→ **Exercise requirements**:
Copy the records below exactly, starting at the line that contains "వీళ్ల డెడికేషన్ మామూలుగా" and ending at the line that contains "Appartement - 115 m² - 3 pièces"; leave out any pictures.

→ **Excerpted records**:

• • • • • • •

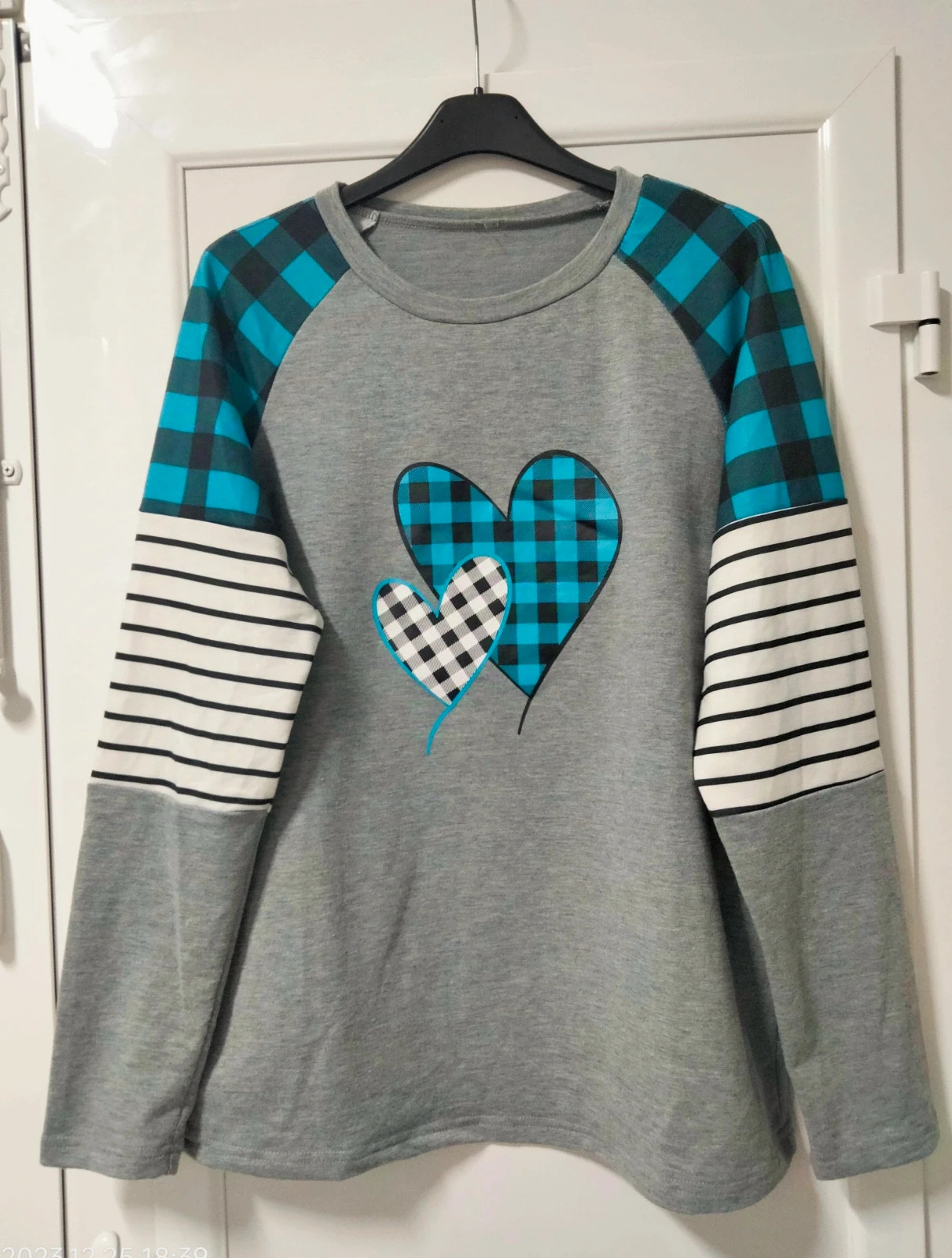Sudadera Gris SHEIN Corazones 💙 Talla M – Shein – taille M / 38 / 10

• • • • • • •

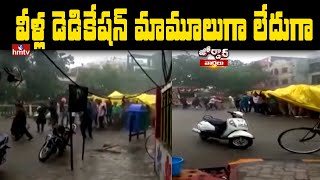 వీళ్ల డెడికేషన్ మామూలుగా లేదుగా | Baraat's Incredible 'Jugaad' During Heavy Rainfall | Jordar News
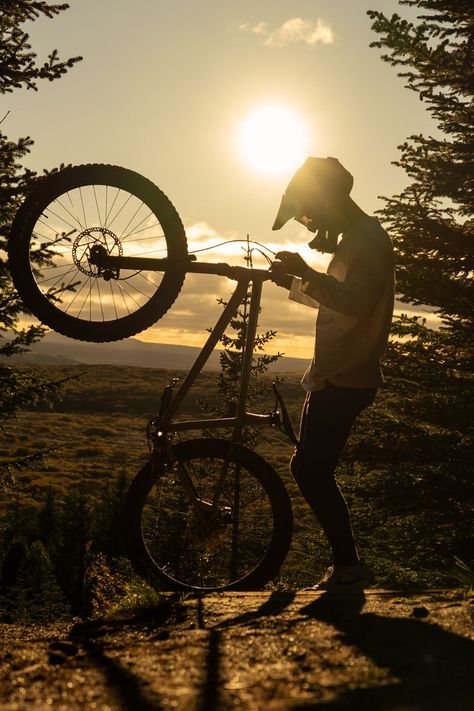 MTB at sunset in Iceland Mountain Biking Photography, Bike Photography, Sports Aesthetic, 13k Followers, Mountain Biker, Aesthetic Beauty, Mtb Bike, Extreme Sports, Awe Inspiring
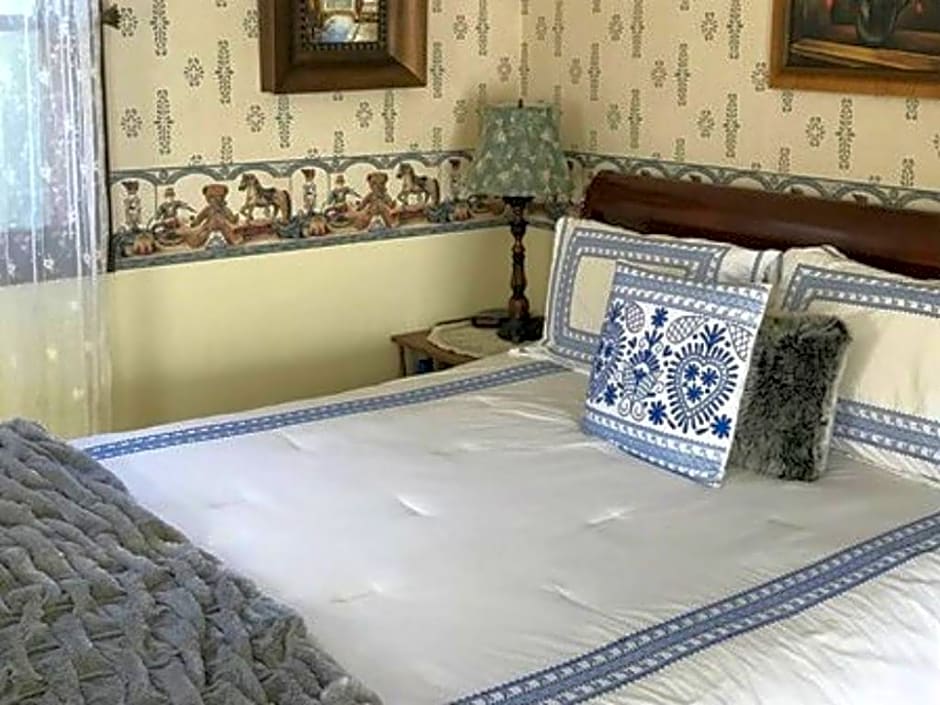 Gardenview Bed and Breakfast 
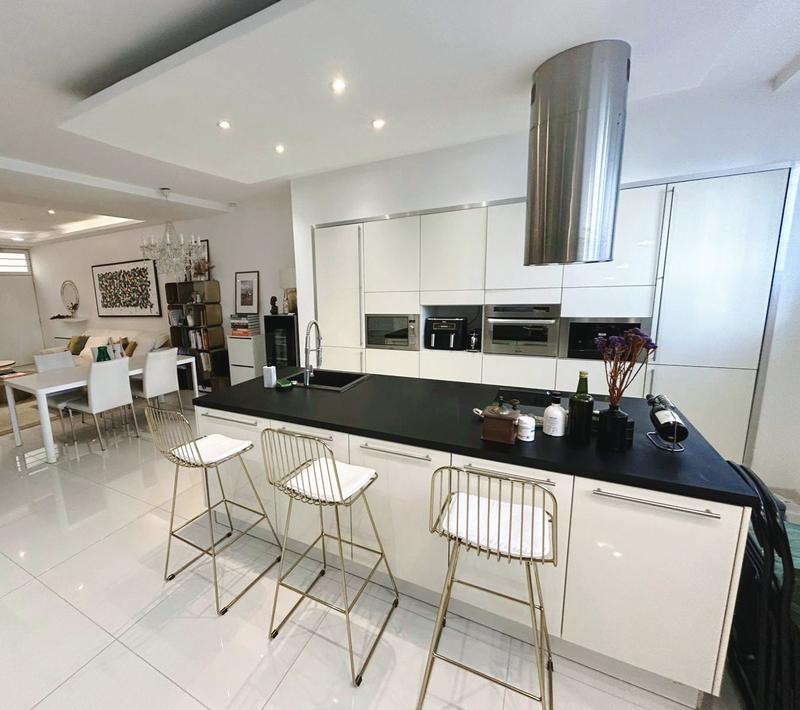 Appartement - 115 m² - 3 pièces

• • • • • • •

→ **Solution to this exercise**:
 వీళ్ల డెడికేషన్ మామూలుగా లేదుగా | Baraat's Incredible 'Jugaad' During Heavy Rainfall | Jordar News
 MTB at sunset in Iceland Mountain Biking Photography, Bike Photography, Sports Aesthetic, 13k Followers, Mountain Biker, Aesthetic Beauty, Mtb Bike, Extreme Sports, Awe Inspiring
 Gardenview Bed and Breakfast 
 Appartement - 115 m² - 3 pièces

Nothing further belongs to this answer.